Uri

Pistenfahrzeug auf der Eggberge erhält neuen Unterstand

Am Freitagnachmittag fand auf der Eggberge der Spatenstich für den neuen Unterstand des frisch angeschafften Pisten-Bullys statt. Gerechnet wird mit Kosten von rund 200’000 Franken. Die Genossenschaft ist auf der Suche nach finanzieller Unterstützung.
Am Spatenstich beteiligten sich; von links: Hermann Herger (Gotthard Holzbau GmbH), Remo Bulgheroni (Präsident), Erich Aeschlimann (Kassier), Hans Planzer und Jules Christen (Aktuar). (Bild: Paul Gwerder (30. August 2019)

Paul Gwerder

Die Eggberge ist die Sonnenterrasse am Eingang zum Schächental oberhalb von Altdorf und im Sommer ein Wanderparadies für Jung und Alt. Im Winter ist es ein beliebtes Skigebiet für Kinder, Familien, Schulen und Klassenlager. Herzstück ist der 1254 Meter lange Skilift, mit dem die Gäste eine Höhendifferenz von rund 280 Metern überwinden können. Die Einheimischen sowie die Tages- und Feriengäste schätzen die immer gut präparierten Pisten. Unterhalten und betrieben wird der beliebte Skilift von einheimischen Landwirten.

Nun ist das alte Pistenfahrzeug in die Jahre gekommen. Es war mehr als 30 Jahre lang auf der Eggberge in Betrieb und musste ersetzt werden, da der Aufwand und die Reparaturen immer grösser wurden. Die Skiliftgenossenschaft hat nun bei der Firma Kässbohrer ein Occasion-Pisten-Bully zum Preis von 90’000 Franken gekauft. Weil das neuerworbene Pistenfahrzeug nicht mehr in die alte Garage passte, musste ein neuer Standort gesucht werden. «Grosszügigerweise bot uns Hans Planzer an, den neuen Unterstand im Baurecht direkt an sein Wohnhaus anbauen zu dürfen», sagte Remo Bulgheroni, Präsident der Skiliftgenossenschaft. Hans Planzer ist ein «Urgestein» auf der Eggberge und er hilft jedes Jahr viele Stunden beim Betrieb des Skilifts mit – dies unentgeltlich.
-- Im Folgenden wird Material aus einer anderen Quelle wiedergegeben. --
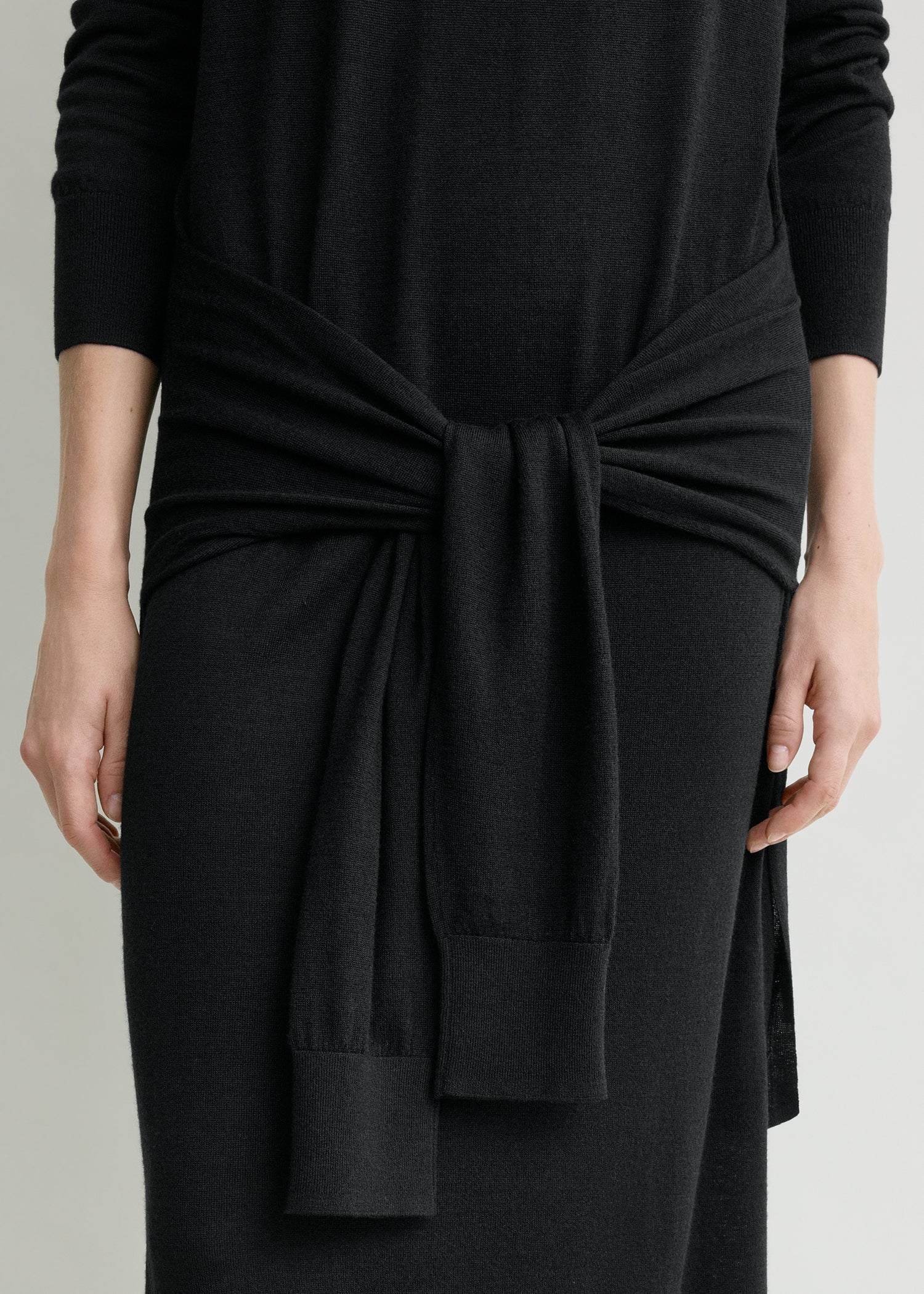 Double-sleeve turtleneck dress black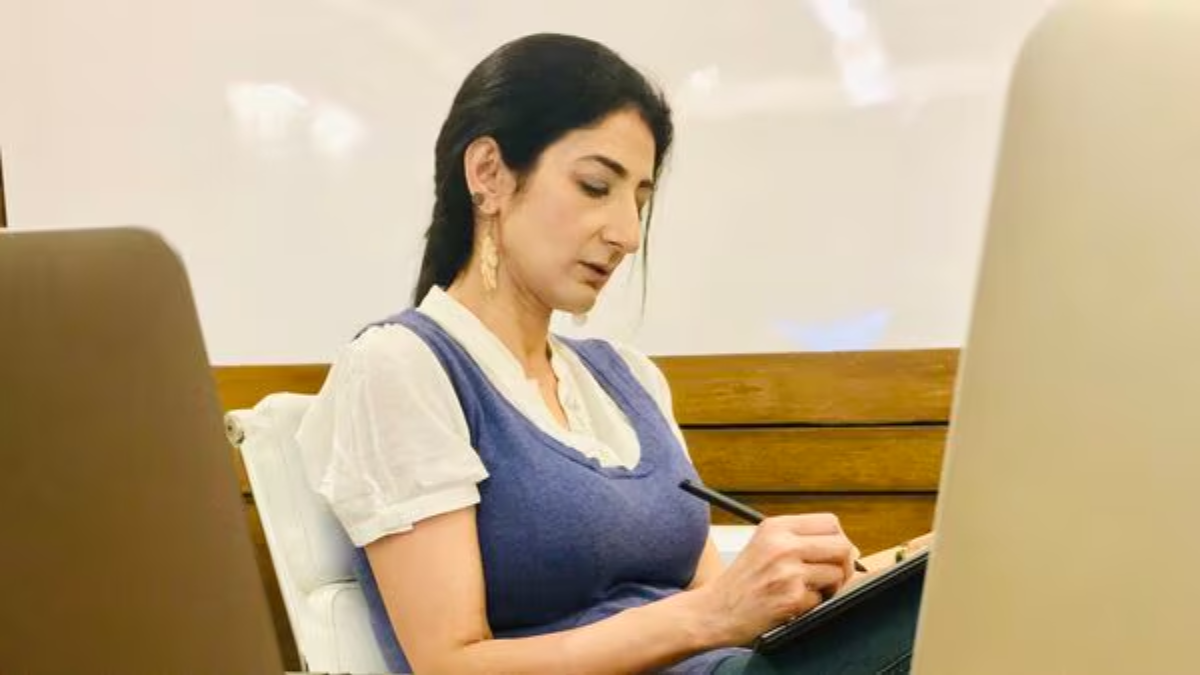 दिल्ली हाई कोर्ट का केंद्र को नोटिस: निताशा कौल की ब्लैकलिस्टिंग और OCI रद्दीकरण पर सवाल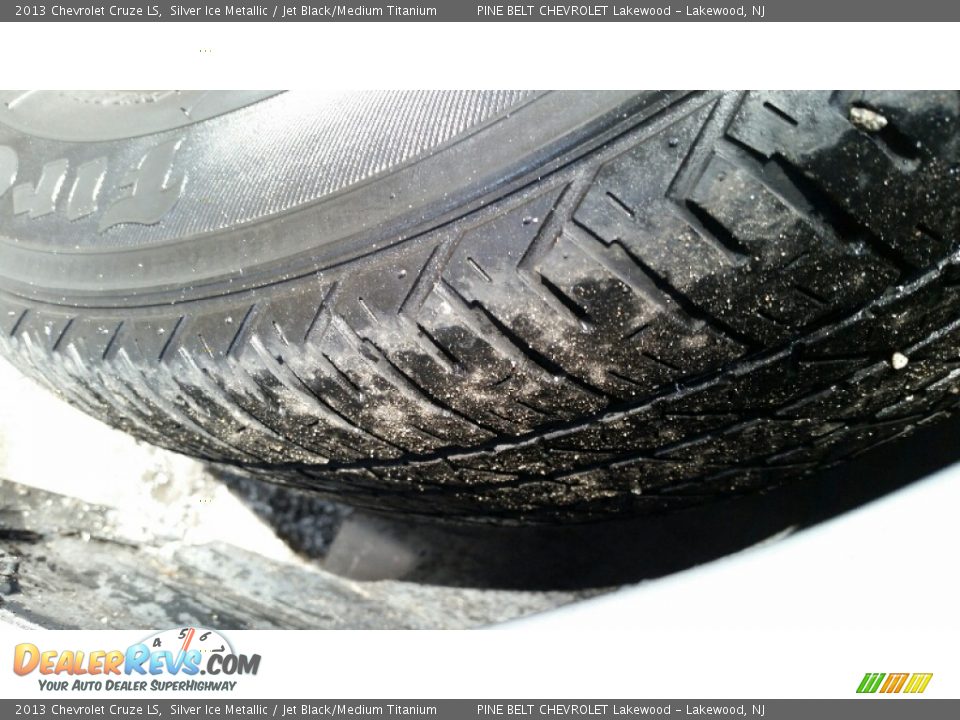 2013 Chevrolet Cruze LS Silver Ice Metallic / Jet Black/Medium Titanium Photo #19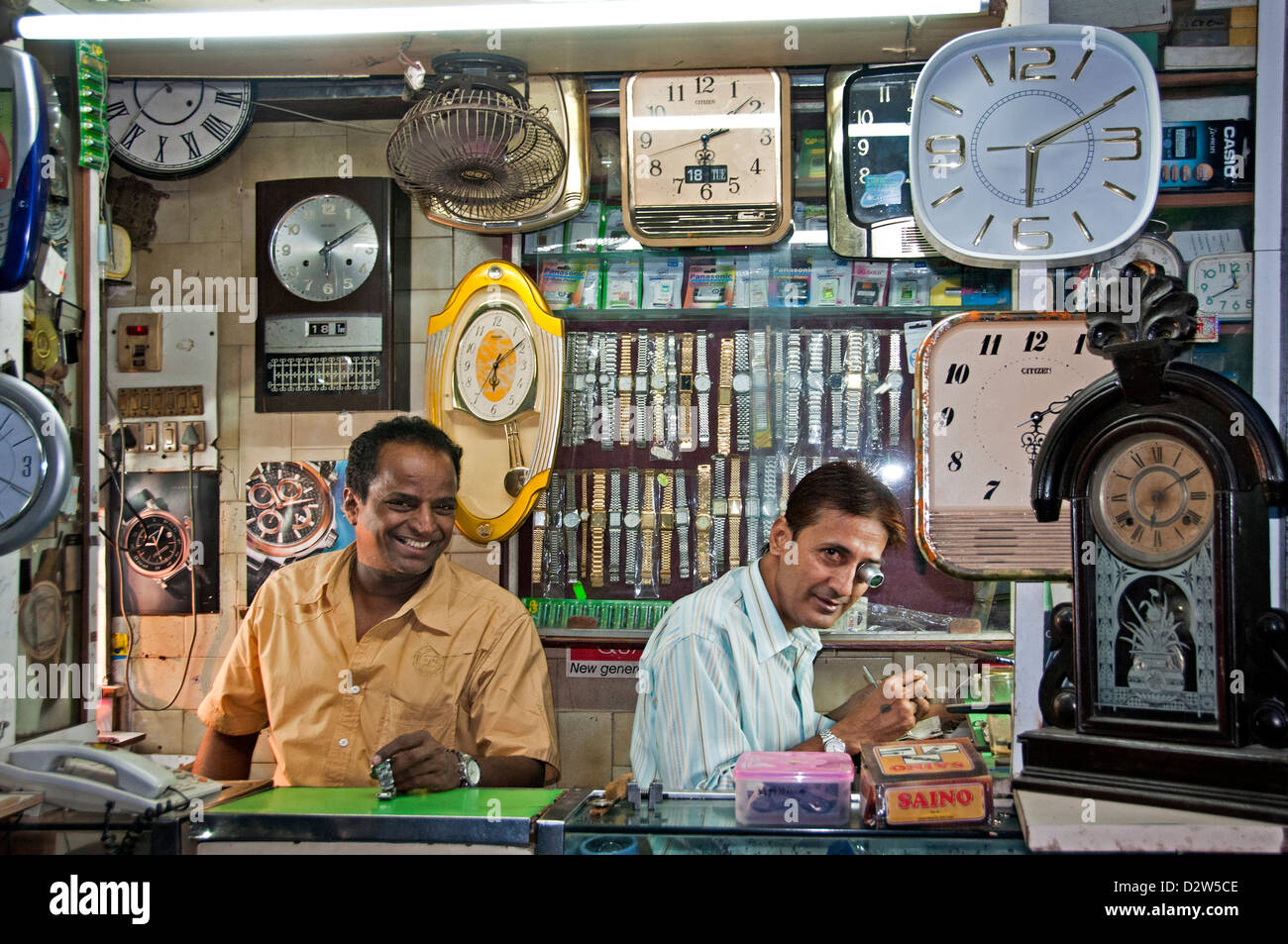 Fort Mumbai ( Bombay ) India street market watch orologio maker Foto Stock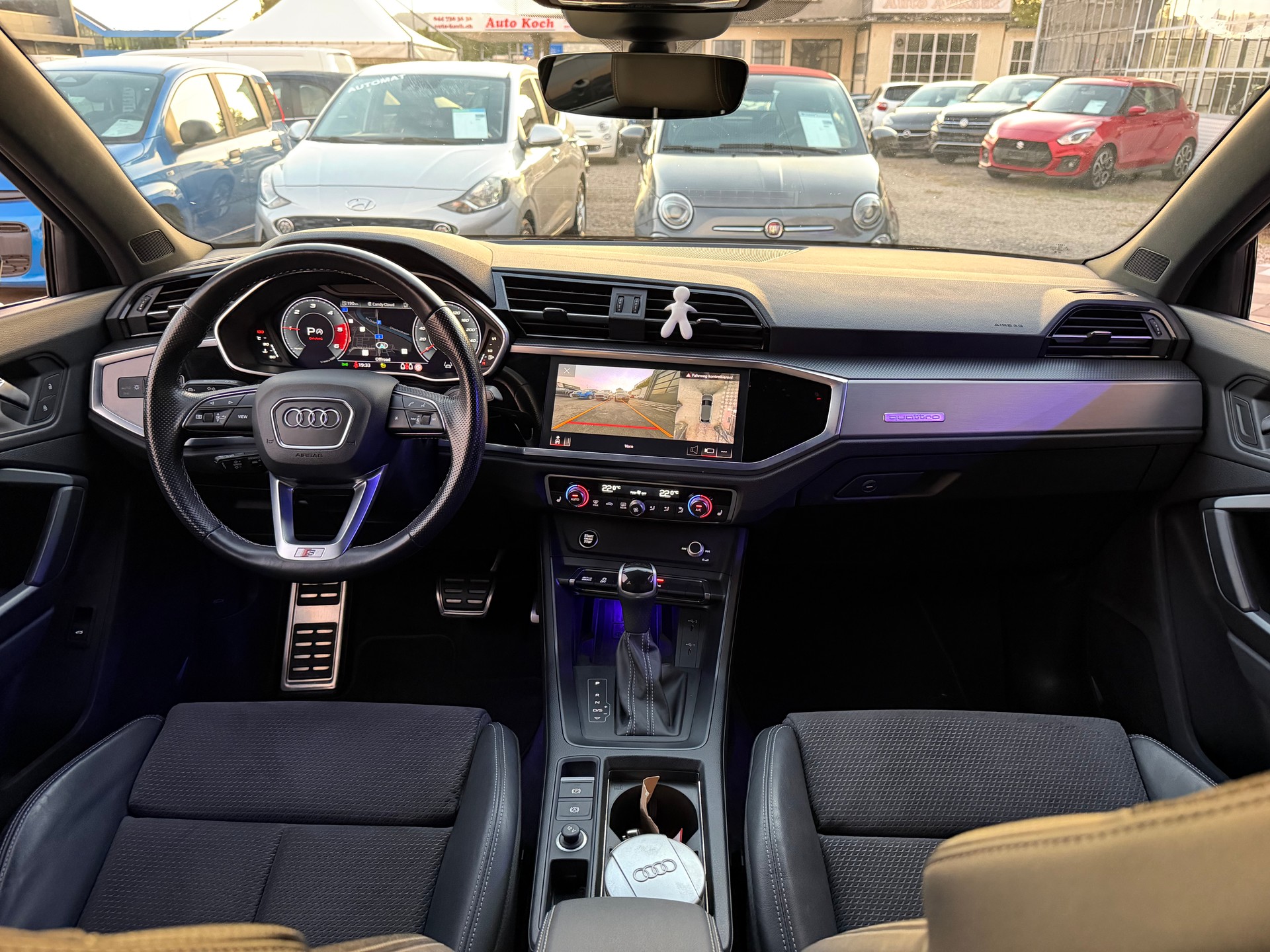 AUDI Q3 Sportback 40 TDI S line Attraction quattro S-tronic-image-15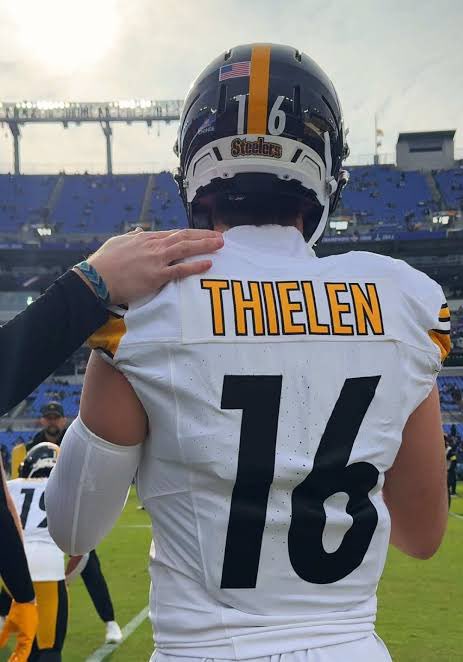 Polymarket Football tweet media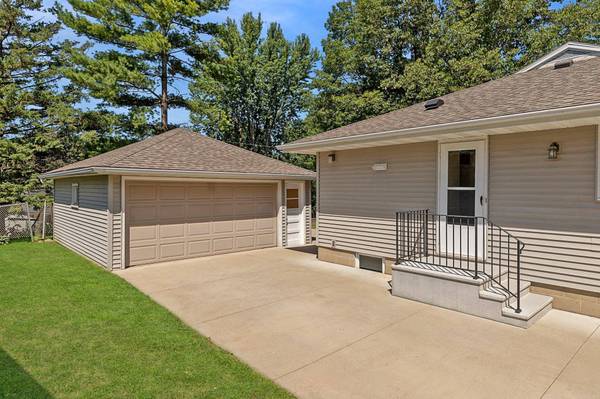 2423 16th AVE NW, Rochester, MN 55901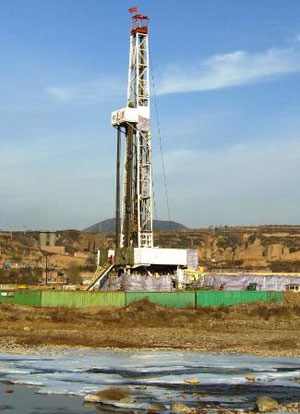 Horizontal drilling rig in the southern Qinshui Basin.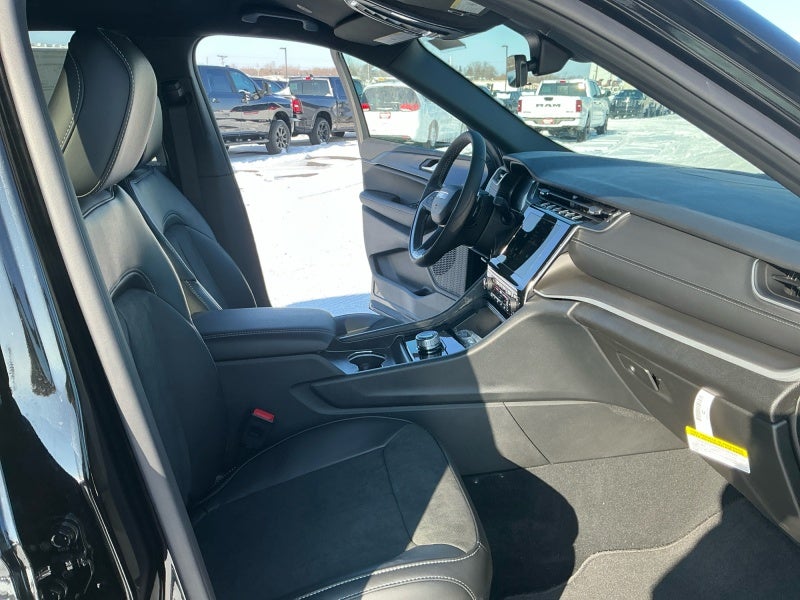 2025 Jeep Grand Cherokee GRAND CHEROKEE L ALTITUDE 4X4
Alle ziehen am gleichen Strick

Am späten Freitagnachmittag fand nun beim Haus von Hans Planzer der Spatenstich für den Unterstand des neuen PistenBullys statt. Mit dabei waren dort neben des Präsidenten Remo Bulgheroni auch Jules Christen (Aktuar), Erich Aeschlimann (Kassier) sowie Mitglied Hermann Herger von der Firma Gotthard Holzbau GmbH, der den Anbau erstellen wird. Es wird dort ein einfacher, 2-stöckiger Holzbau mit Betonsockel und den Abmessungen von 8 auf 11 Metern entstehen, in welchem das frisch angeschaffte Pistenfahrzeug ein Dach über dem Kopf hat. Im Kellergeschoss gibt es einen Tankraum und daneben eine Garage für den Besitzer des Hauses.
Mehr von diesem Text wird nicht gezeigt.